Définir des objectifs, tenir un journal de gratitude, permettrait de cultiver sa motivation. Prendre plaisir à cocher ces cases, rayer des éléments de sa to-do list offrirait un sentiment d’accomplissement et de réussite.

Crédits: @lili.plans @bujototheminimal

En soit la démarche est très positive. Mais jusqu’où ?

Car la course au bien-être semble rapidement se muer en une obsession malsaine à la productivité. Chaque fait et geste est noté, listé, analysé. Les trakers deviennent une source de pression, une to-do list qu’on garde constamment en tête. Et si par malheur, toutes les cases ne sont pas cochées à la fin de la journée, la culpabilité s’installe avec cette impression de n’avoir « pas assez fait » . Ces outils, à leur insu, accentuent une hyperproductivité toxique qui pousse à mettre chaque minute à profit, y compris les temps de repos. 

Cette mode du développement personnel à tout va nous pousse inéluctablement à une auto-comparaison. La recherche perpétuelle à devenir « la meilleure version de soi même », la course absurde à la perfection, qui passe souvent par la dévalorisation. 

Pour Tom Hodgkinson, fervent défenseur du « slow-living »:

« Nous créons des règles pour nous-mêmes et nous nous sentons coupables si nous ne les suivons pas. »

(L’Art d’être oisif dans un monde de dingue, 2017

Le phénomène de « That Girl ». 

Vous avez surement vu fleurir sur Tiktok ou YouTube un bon nombre de vidéos, vous expliquant comment en quelques étapes devenir « That Girl ». 

« That Girl » c’est l’idée qu’avec quelques habitudes saines et productives, vous pouvez devenir cette fille, celle qui vous fait rêver. Je vous la fais courte, That Girl c’est la synthèse humanisée de toutes les pratiques de développement personnel qu’on a vu passer ces 5 dernières années. 

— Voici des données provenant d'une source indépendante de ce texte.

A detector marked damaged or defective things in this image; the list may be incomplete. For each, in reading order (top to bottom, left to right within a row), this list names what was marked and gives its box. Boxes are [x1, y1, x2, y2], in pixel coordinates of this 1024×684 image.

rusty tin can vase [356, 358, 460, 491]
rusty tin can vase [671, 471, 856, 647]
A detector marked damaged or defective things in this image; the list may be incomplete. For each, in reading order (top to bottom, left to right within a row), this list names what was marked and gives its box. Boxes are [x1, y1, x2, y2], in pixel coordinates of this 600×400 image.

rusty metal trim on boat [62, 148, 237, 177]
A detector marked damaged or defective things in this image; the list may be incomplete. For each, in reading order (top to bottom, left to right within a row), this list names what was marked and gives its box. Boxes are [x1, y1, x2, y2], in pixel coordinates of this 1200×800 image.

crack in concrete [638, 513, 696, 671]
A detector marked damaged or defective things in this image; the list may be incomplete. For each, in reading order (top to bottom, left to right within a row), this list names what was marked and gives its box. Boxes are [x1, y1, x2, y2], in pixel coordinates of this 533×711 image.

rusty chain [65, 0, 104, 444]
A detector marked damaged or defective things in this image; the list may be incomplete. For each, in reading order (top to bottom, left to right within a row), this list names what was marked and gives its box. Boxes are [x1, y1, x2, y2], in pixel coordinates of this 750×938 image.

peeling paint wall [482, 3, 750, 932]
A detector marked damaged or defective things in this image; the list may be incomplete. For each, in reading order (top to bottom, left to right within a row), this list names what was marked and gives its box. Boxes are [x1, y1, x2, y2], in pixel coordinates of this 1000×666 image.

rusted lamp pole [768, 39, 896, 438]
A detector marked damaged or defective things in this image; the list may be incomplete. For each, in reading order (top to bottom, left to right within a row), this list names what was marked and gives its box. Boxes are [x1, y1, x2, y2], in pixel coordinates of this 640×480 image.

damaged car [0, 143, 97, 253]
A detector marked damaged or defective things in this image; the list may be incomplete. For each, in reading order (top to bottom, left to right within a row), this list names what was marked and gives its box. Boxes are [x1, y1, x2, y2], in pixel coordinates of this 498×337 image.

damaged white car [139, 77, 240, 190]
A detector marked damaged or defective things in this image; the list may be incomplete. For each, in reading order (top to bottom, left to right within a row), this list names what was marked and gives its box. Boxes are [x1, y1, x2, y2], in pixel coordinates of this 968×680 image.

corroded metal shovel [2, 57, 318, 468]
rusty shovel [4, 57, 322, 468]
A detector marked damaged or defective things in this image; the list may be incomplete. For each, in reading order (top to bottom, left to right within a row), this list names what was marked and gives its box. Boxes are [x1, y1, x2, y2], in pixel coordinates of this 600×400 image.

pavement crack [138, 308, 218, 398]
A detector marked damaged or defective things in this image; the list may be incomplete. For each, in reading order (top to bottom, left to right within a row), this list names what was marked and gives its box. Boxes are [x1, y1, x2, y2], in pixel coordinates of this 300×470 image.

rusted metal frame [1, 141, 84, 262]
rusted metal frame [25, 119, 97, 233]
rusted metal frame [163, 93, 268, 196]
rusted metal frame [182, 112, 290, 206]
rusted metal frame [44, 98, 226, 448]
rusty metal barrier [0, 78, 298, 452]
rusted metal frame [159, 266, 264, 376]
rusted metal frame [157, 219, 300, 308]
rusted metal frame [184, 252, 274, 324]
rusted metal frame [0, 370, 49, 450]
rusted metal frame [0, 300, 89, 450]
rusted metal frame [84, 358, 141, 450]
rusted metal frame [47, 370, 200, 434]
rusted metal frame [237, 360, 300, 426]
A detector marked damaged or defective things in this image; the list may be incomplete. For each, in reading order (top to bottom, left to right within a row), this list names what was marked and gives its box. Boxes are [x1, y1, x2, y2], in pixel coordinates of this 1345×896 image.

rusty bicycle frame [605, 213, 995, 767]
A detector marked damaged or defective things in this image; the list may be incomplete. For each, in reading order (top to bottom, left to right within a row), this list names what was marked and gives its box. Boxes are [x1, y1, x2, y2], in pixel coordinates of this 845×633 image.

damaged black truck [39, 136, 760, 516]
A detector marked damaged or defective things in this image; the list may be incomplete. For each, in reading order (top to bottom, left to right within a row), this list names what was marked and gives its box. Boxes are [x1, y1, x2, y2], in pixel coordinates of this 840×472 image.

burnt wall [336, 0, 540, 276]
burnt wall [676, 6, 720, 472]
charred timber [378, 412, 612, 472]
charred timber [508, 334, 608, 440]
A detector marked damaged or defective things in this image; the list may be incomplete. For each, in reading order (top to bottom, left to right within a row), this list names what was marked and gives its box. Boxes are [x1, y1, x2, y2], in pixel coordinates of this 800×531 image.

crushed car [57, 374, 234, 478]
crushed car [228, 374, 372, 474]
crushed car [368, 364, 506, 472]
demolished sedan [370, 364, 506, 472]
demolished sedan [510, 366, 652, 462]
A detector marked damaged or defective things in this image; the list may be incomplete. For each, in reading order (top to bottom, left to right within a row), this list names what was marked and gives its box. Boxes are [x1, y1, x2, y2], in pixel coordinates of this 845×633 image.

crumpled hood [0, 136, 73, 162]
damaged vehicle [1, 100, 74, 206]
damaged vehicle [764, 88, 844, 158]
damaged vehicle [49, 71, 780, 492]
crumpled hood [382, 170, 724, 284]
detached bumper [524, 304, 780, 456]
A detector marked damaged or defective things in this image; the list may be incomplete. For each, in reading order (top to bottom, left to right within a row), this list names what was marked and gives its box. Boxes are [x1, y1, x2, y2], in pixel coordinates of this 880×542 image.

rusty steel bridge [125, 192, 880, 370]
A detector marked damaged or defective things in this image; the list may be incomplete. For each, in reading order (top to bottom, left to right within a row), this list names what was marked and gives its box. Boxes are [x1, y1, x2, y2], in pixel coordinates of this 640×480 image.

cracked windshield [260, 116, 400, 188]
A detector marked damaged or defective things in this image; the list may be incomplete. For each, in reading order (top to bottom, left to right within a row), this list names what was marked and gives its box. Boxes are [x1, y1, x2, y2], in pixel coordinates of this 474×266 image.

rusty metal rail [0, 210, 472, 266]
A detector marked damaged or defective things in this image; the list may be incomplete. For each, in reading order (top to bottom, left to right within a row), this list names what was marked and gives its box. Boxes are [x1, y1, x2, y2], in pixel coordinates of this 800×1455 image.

Je me lève à 5h30 afin de suivre la Miracle Morning: un quart d’heure de méditation, vingt minutes d’écriture d’affirmations et de gratitudes, dix pages de lecture, une demie heure de sport face au soleil et une bonne douche froide pour réveiller ses cellules. Fervente adepte du jeûne intermittent, je ne mange rien de solide avant midi, mais me prépare un thé matcha (surtout pas de café, qui apporte trop de toxines au corps et à l’esprit à cette heure ci). Il n’est même pas 8h, mais je suis prête à travailler, ma matinée est rentabilisée. 

Quand l’amélioration de soi devient toxique.

Cette fixation excessive sur l’amélioration de soi, nous laisse croire qu’on peut toujours faire mieux. Une tache de plus dans notre to-do list, manger mieux (voire manger moins), faire plus d’exercice. Il n’y a rien de mal à vouloir s’améliorer, mais lorsque ce désir se transforme en obsession, ces systèmes d’organisation et de bien-être semblent s’avérer toxiques. 

Bullet or not bullet ?

Alors que faire? 

Ne pas perdre de vue l’utilité initiale du concept de journaling. Avant toute chose, le bullet journal est un outil d’organisation, qui permet de s’aider, s’épauler, voire de se soigner, mais en aucun cas il ne doit devenir une menace insidieuse à notre bien être.

Assurez-vous que vous le faites pour les bonnes raisons. Pas pour devenir « That Girl », pas pour les autres et encore moins pour vous culpabiliser, mais pour vous. Il n’y a pas de règles à suivre, chacun fait ce qu’il veut et surtout ce qui lui correspond. Et ça n’est pas parce que vous préférez dormir jusqu’à 9h30, ou que la méditation vous pompe l’air que vous n’êtes pas une bonne personne.